══ EXERCISE MATERIALS
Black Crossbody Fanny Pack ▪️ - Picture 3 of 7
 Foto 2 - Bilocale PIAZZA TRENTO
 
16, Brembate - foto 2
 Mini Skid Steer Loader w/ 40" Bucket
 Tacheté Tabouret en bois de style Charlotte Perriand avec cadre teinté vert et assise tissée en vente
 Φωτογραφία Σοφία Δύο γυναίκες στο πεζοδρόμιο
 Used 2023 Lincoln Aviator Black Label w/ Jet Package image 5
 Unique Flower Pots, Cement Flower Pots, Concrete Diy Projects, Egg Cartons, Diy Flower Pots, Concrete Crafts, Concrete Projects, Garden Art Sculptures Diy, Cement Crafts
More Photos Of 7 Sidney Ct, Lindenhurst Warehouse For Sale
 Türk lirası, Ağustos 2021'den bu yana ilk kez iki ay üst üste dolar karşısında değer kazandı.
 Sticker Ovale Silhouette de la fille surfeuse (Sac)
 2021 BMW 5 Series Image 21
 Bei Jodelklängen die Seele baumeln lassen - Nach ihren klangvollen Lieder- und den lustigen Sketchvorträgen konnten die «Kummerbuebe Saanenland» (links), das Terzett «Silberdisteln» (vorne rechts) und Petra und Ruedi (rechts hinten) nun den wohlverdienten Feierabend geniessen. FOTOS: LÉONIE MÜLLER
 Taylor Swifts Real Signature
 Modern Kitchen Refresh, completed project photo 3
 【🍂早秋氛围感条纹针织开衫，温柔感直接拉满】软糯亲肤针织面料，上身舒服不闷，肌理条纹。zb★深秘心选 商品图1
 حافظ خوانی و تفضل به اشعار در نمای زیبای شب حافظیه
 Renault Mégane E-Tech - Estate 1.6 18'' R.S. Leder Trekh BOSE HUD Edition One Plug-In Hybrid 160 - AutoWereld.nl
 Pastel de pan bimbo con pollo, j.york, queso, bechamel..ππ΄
════
REQUIRED WORK:
In the records above, copy exactly the lines from the one that contains "2021 BMW 5 Series Image 21" through the last, and nothing else.

ANSWER BELOW:
 2021 BMW 5 Series Image 21
 Bei Jodelklängen die Seele baumeln lassen - Nach ihren klangvollen Lieder- und den lustigen Sketchvorträgen konnten die «Kummerbuebe Saanenland» (links), das Terzett «Silberdisteln» (vorne rechts) und Petra und Ruedi (rechts hinten) nun den wohlverdienten Feierabend geniessen. FOTOS: LÉONIE MÜLLER
 Taylor Swifts Real Signature
 Modern Kitchen Refresh, completed project photo 3
 【🍂早秋氛围感条纹针织开衫，温柔感直接拉满】软糯亲肤针织面料，上身舒服不闷，肌理条纹。zb★深秘心选 商品图1
 حافظ خوانی و تفضل به اشعار در نمای زیبای شب حافظیه
 Renault Mégane E-Tech - Estate 1.6 18'' R.S. Leder Trekh BOSE HUD Edition One Plug-In Hybrid 160 - AutoWereld.nl
 Pastel de pan bimbo con pollo, j.york, queso, bechamel..ππ΄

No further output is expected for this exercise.